Exercise instructions:
Going through the material below, output exactly the lines from the one containing "Elemental Treasures Slot" through the one containing "Item preview, Black", and no pictures.

Source material:

----------------------------------------

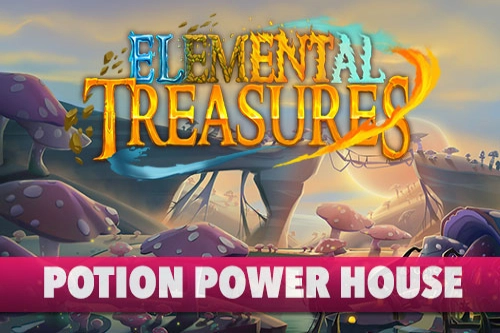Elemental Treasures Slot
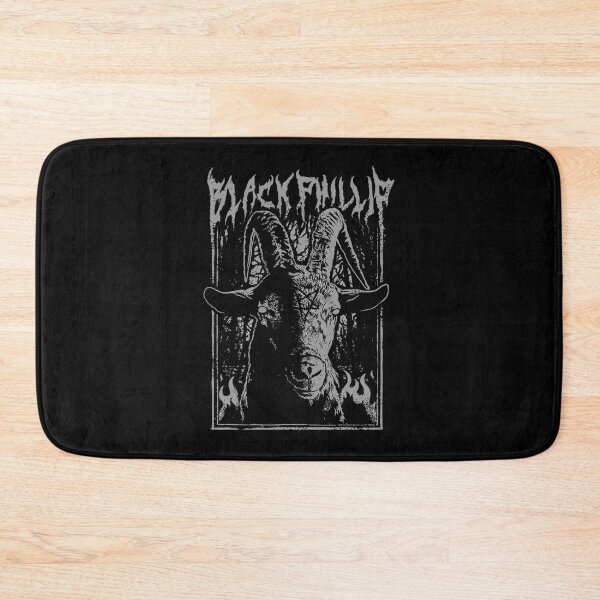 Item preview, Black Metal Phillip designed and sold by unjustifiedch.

----------------------------------------

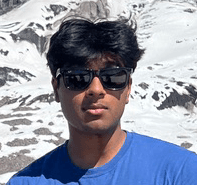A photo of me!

----------------------------------------

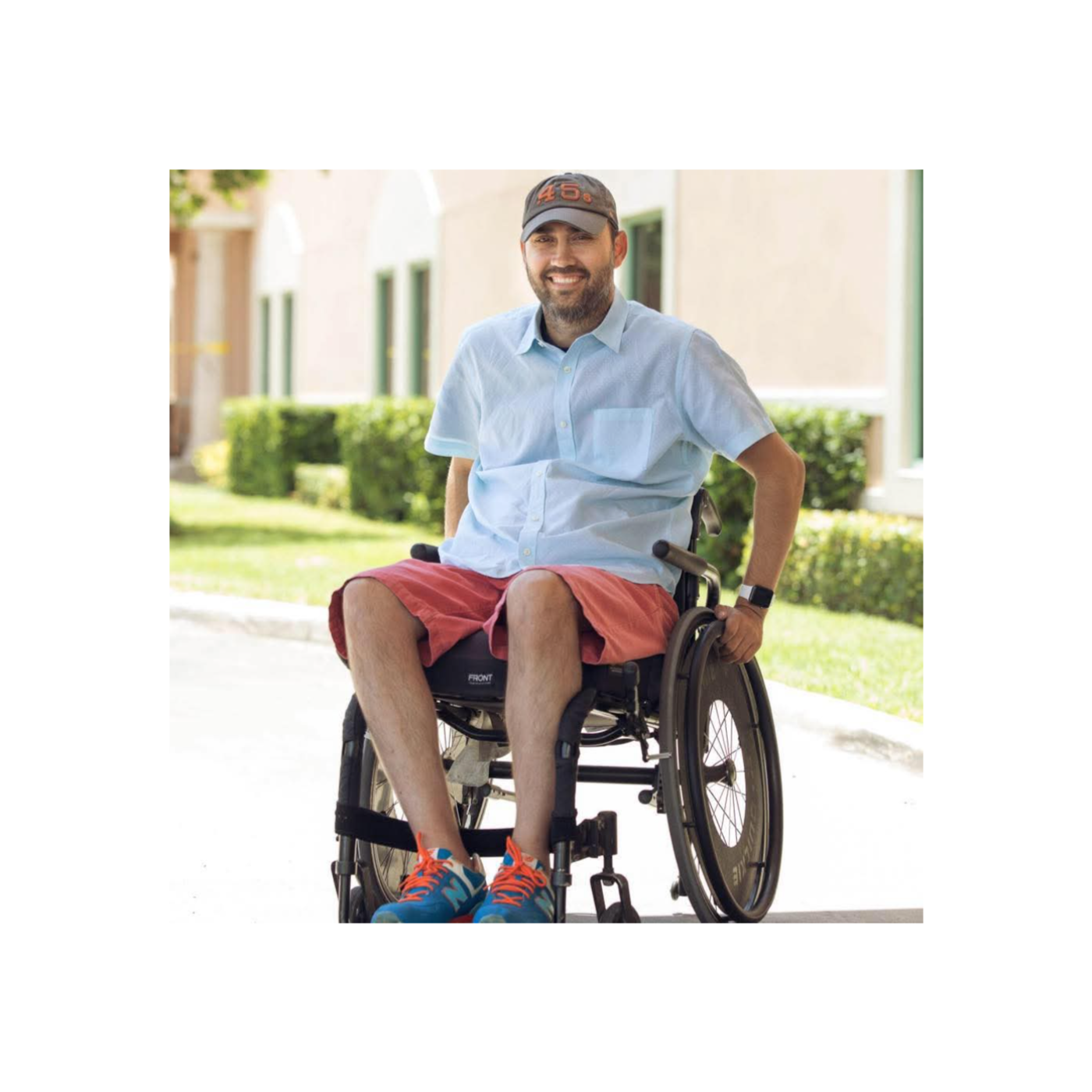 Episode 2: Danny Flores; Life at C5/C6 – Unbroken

----------------------------------------

Solution for this exercise:
Elemental Treasures Slot
 Item preview, Black Metal Phillip designed and sold by unjustifiedch.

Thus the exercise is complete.